At the same time Rolfe experimented with tobacco, other events transpired that profoundly affected the colony. Pocahontas, daughter of Chief Powhatan, was kidnapped and brought to Jamestown to be traded for English prisoners and weapons that Powhatan held. The exchange never took place and Pocahontas was taken to the settlement at Henrico, where she learned English, converted to Christianity, was baptized, and was christened Rebecca. It was about this time that she presumably came to the attention of John Rolfe. Rolfe was a pious man who agonized for many weeks over the decision to marry a heathen. He composed a long, laborious letter to Governor Dale asking for permission to marry Pocahontas. The letter reflected Rolfe’s dilemma. The tone suggests it was intended mainly for official records, but at some points Rolfe bared his true feelings. “It is Pocahontas,” he wrote, “to whom my hearty and best thoughts are, and have been a long time so entangled, and enthralled in so intricate a labyrinth that I (could not) unwind myself thereout.” The wedding took place in the spring of 1614. It resulted in peace with the Indians long enough for the settlers to develop and expand their colony and plant themselves permanently in the new land.
In 1616, Rolfe took his wife and infant son Thomas to England. Pocahontas died at Gravesend seven months later, just before returning to Virginia. A sad John Rolfe left his young son in the care of a guardian in England and returned to his adopted home. Upon his return to Virginia, he assumed more prominence in the colony. He became a councilor and sat as a member of the House of Burgesses. He married again to Jane Pearce, daughter of a colonist. He continued his efforts to improve the quality and quantity of Virginia tobacco. In 1617, tobacco exports to England totaled 20,000 pounds. The next year shipments more than doubled. Twelve years later, one and a half million pounds were exported. The first great American enterprise had been established.

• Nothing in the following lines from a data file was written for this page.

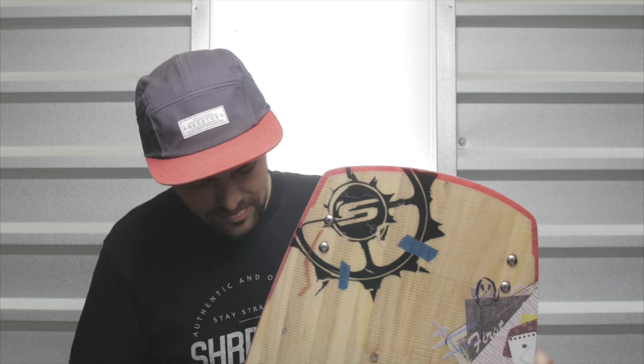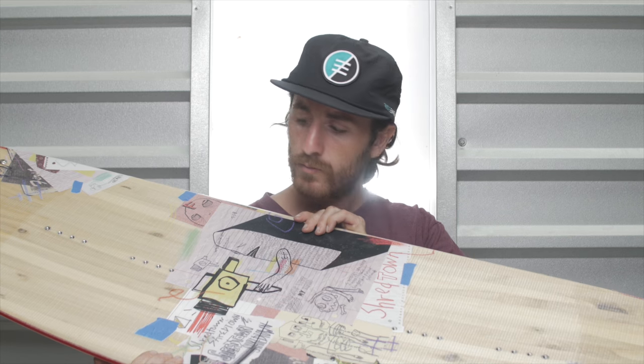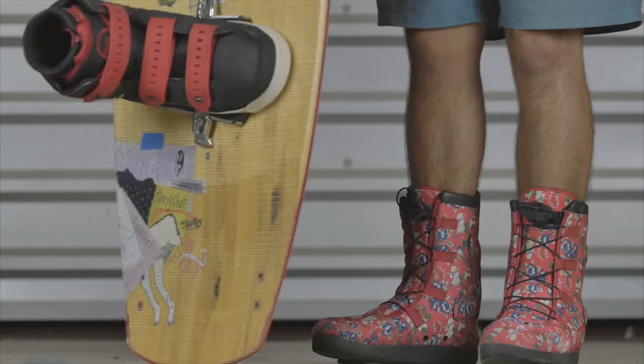The 2017 Shredtown Pro Model Wakeboard is packed full of new features like our tapered flex tip technology, custom new tip shape, our ballistic park base, and carbon bedrock inserts.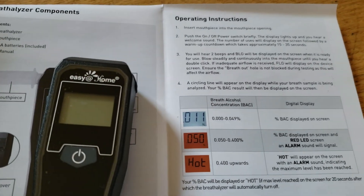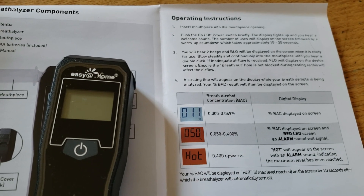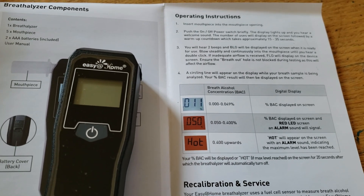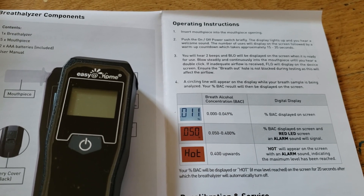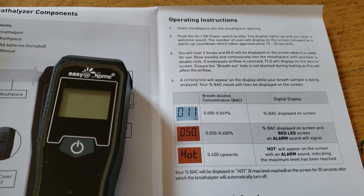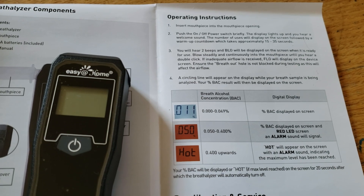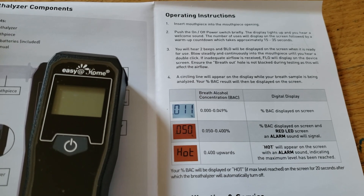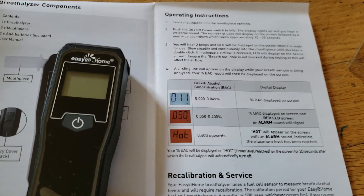Push the on/off button and the display lights will light up, and a welcome sound will come — you will hear two beeps. BLO will be displayed on the screen when it is ready for use. Blow steadily and continuously into the mouthpiece until you hear a double click. If there is inadequate flow, FLO will display on the device screen — ensure the breathe-out hole is not blocked.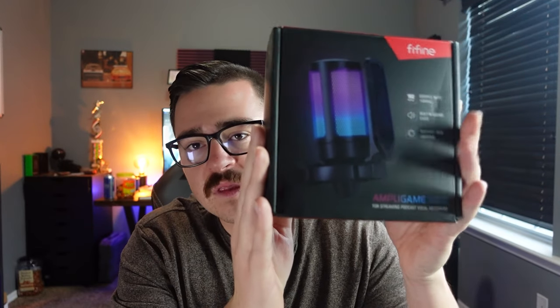I think you guys are in for a treat today — I have another microphone to review. My name is Tim, aka MacArthur. FIFINE, I think it's a Chinese company, reached out to me and said they'd love to send me one of their microphones to review. I said I'm not going to change anything I'd say in a normal review just because you're sending it to me — I'm gonna give an honest review. They said that's fine, that's what they're looking for.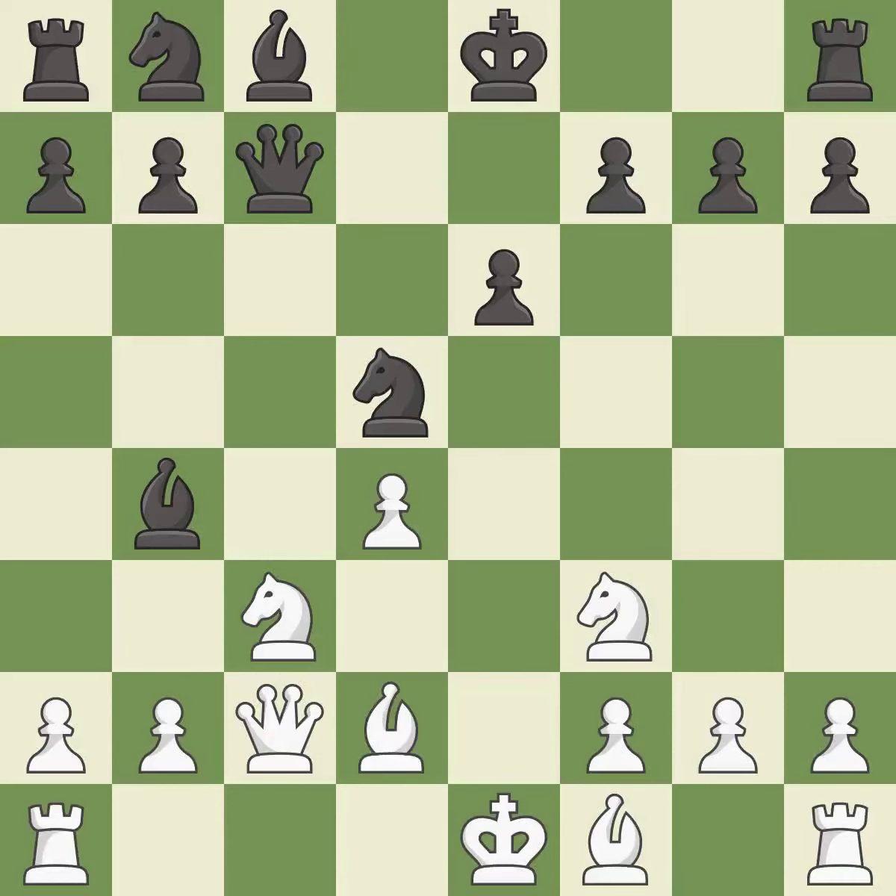This protects the attacked knight — it is the only good move. This develops a knight off its starting square, getting it into the action. This activates a bishop by developing it off of its starting square.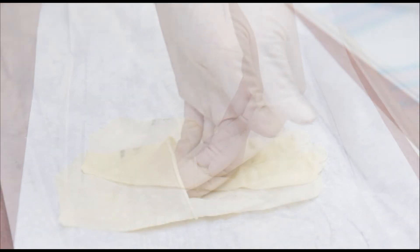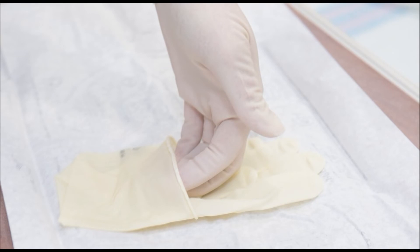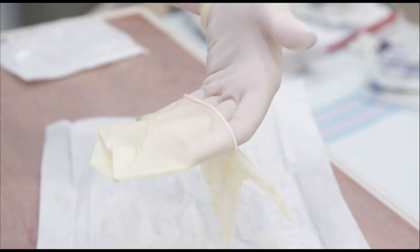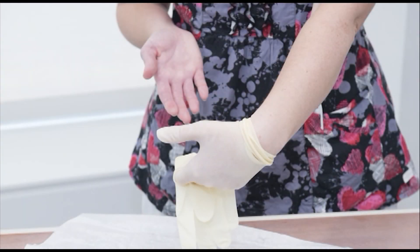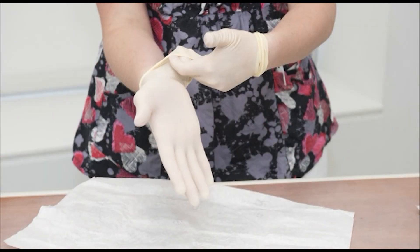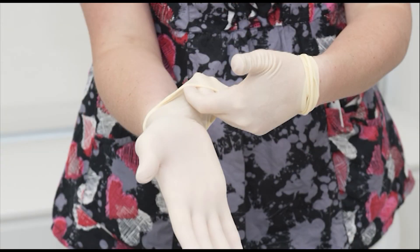With your gloved hand, slip your fingers into the folded cuff of the other glove and pick up the second glove. Slip the glove over your fingers, keeping the hand that you are putting the glove on flat. Keep the gloved thumb up and back to keep from touching your bare palm or wrist. Pull the glove over your hand, then adjust each glove to get a snug fit by reaching under the cuffed part to pull up or adjust.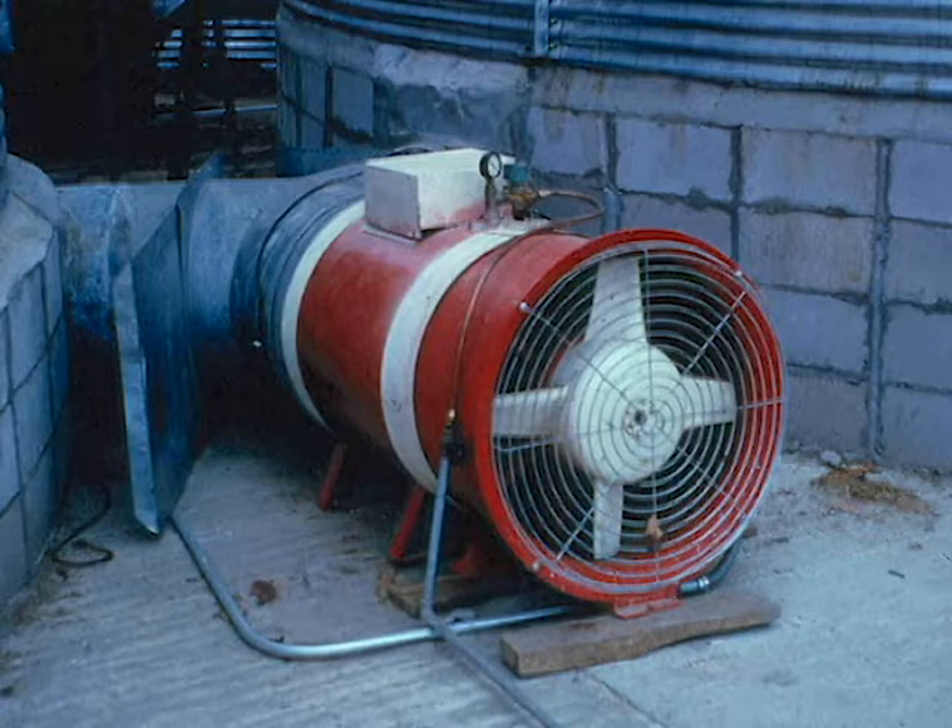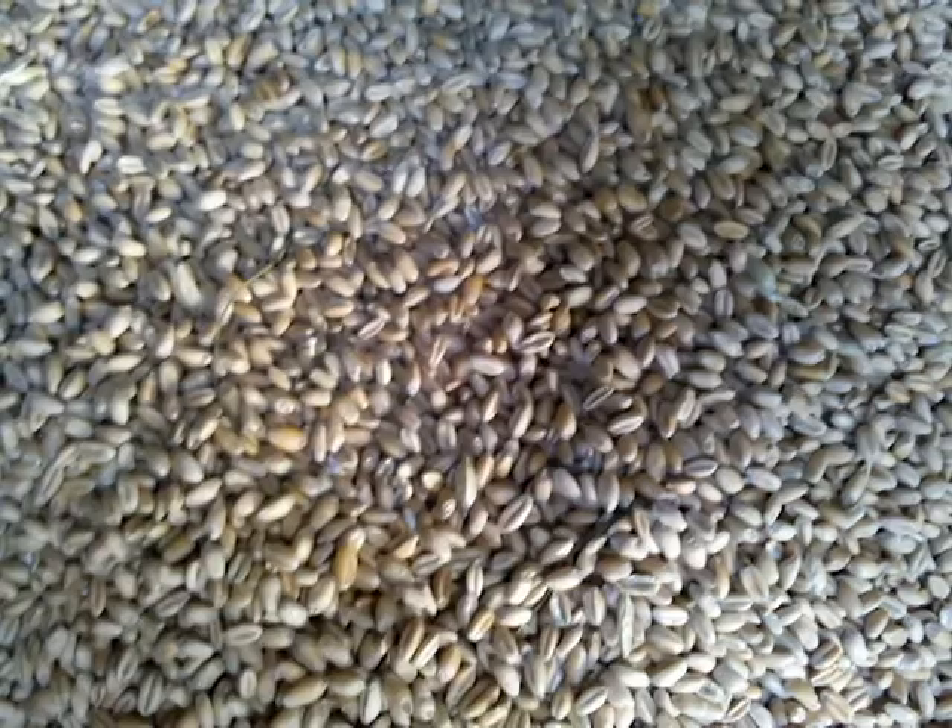As soon as we put corn in, on the first cool nights, we try to run the fans and start cooling that grain just as fast as we can, and of course we create an environment that the insects don't like, which slows down insect growth and expansion.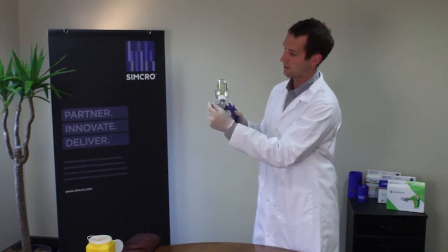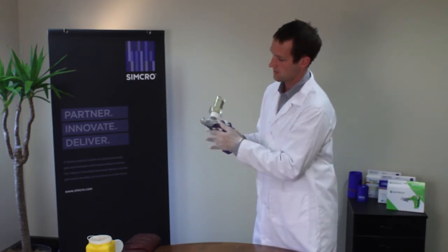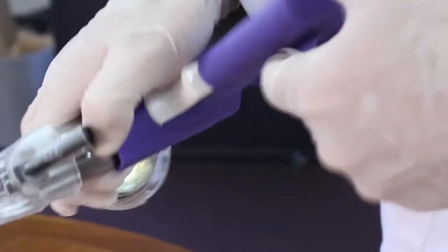And if you have a needle that's not sheathed, we can do that as well. Simply go through the process: turn it up, there's a button for the needle guard — press that down and the needle guard comes off.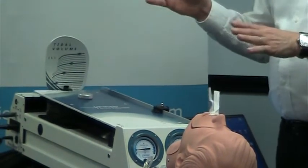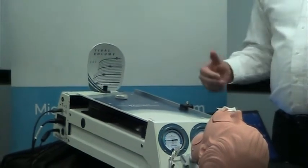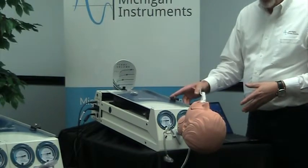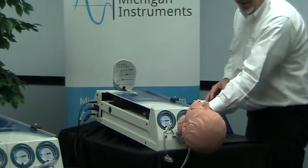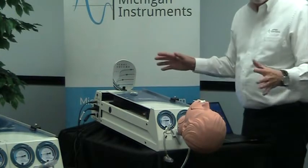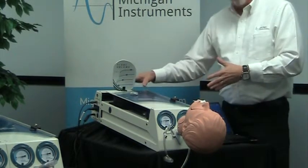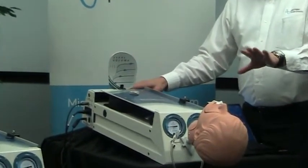The test lung works in exactly the same way as our traditional, well-known, well-respected TTL and NuView systems. They still have a variable compliance, you still have pressure gauges for airway and lung, connections for optional resistances that you can apply, and it really works in exactly the same way — the same physical and performance capabilities. In fact, if you turn off the SBL, the unit can be used as our traditional units have been used.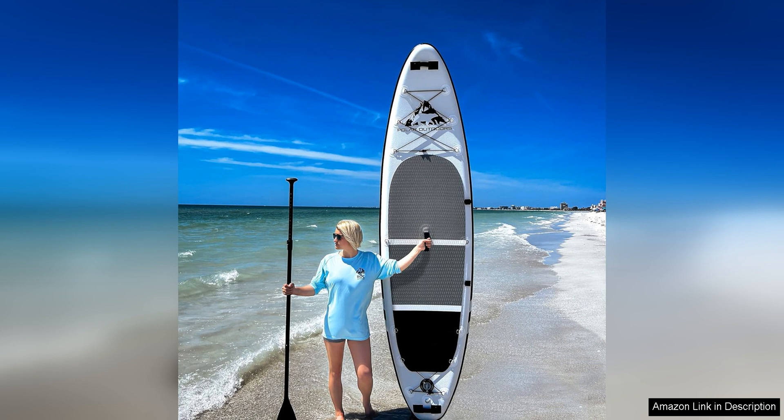Whether you're a beginner looking to get into the sport or a seasoned pro in need of a dependable board, the ROC inflatable stand-up paddleboard is sure to exceed your expectations.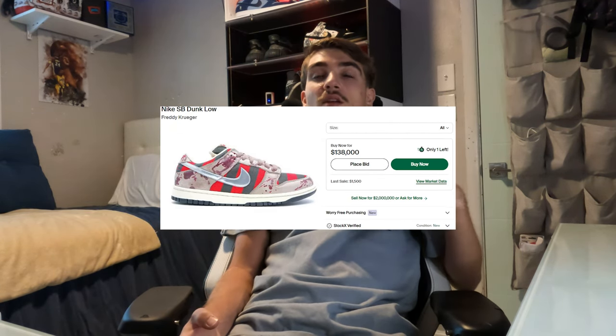Definitely a dope shoe. Hopefully SB does more collabs like this — it reminds me of the Freddy Krueger SB collab they did back in the day, which goes for a lot of money because they barely released them to the public. When they made that shoe they didn't release it publicly because it wasn't an official collab with whoever owns the Freddy Krueger movie rights. But apparently this Wizard of Oz collab is actually official with whoever is behind that movie, so it is going to be released to the public.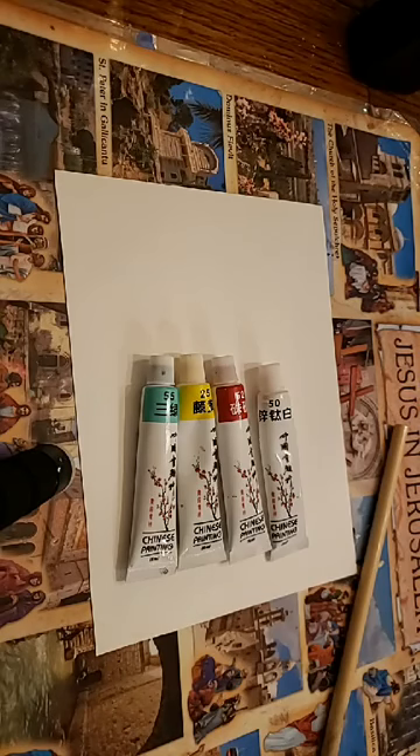Hello! Welcome to week four of the Chinese painting series. I hope you're having fun so far. If this is your first time, welcome. This is a class with roots in traditional freestyle Chinese painting.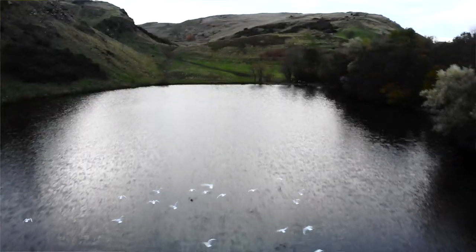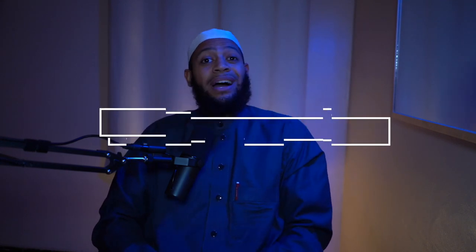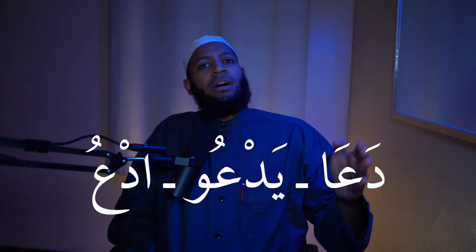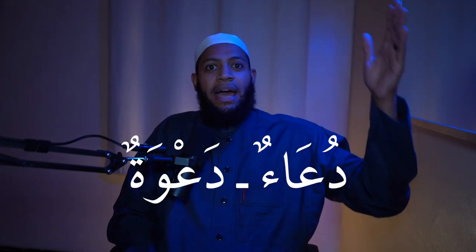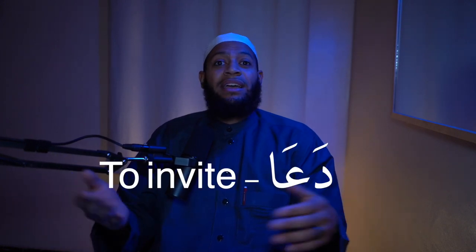Today we are bringing a benefit for you. A lot of students ask themselves and ask me: do I have to memorize the whole conjugation of a verb — as in da'a, yaddu'u, uddu'u, da'wa, da'in, maddu'u — do I have to memorize this whole thing, or is it enough for me to just know da'a and what it means?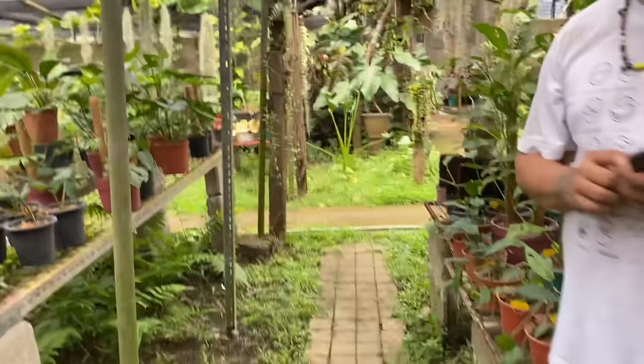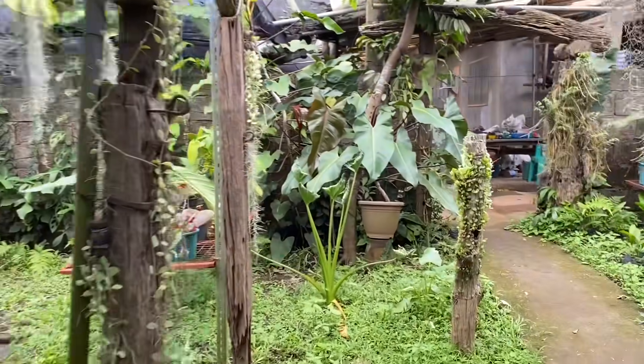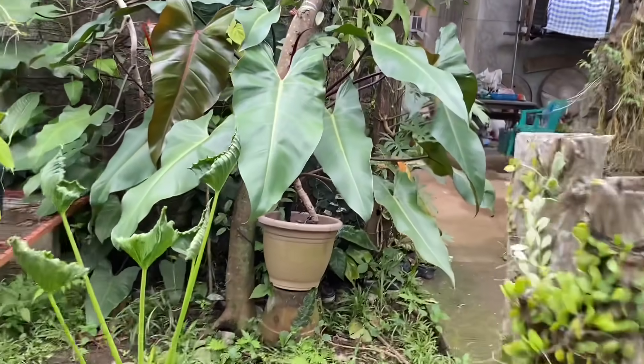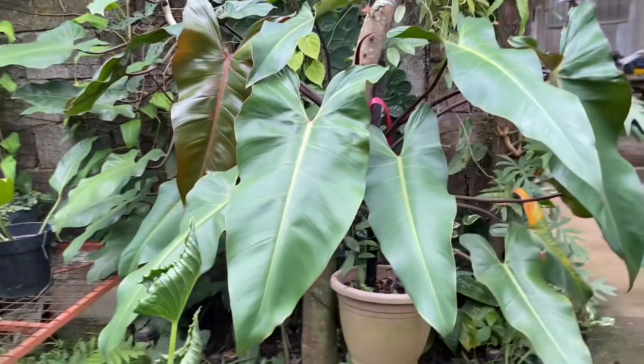Pag gino-groom na siya, ni-prepare na siya pangbenta dito na. Oh pipili na lang kami ng alin yung mga ibibenta at alin yung gagawin mga day ulit. Ito ganda, ano to? Ang laki naman ito.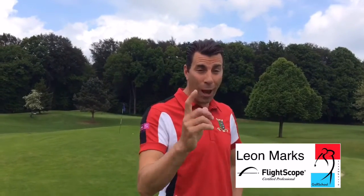Hi, I'm Leon Marks, Director at Golf School Luxembourg. Today I'm going to show you how to control your distances.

John Rolfe died sometime in 1622. Although a third of the colony was killed in the Indian uprising of that year, it is not known how Rolfe died. In a life that held much personal tragedy, Rolfe gave the colony its economic base. His contributions allowed the English settlements to become permanent, thus solidifying the English presence in America and making possible the first steps toward the creation of the future United States.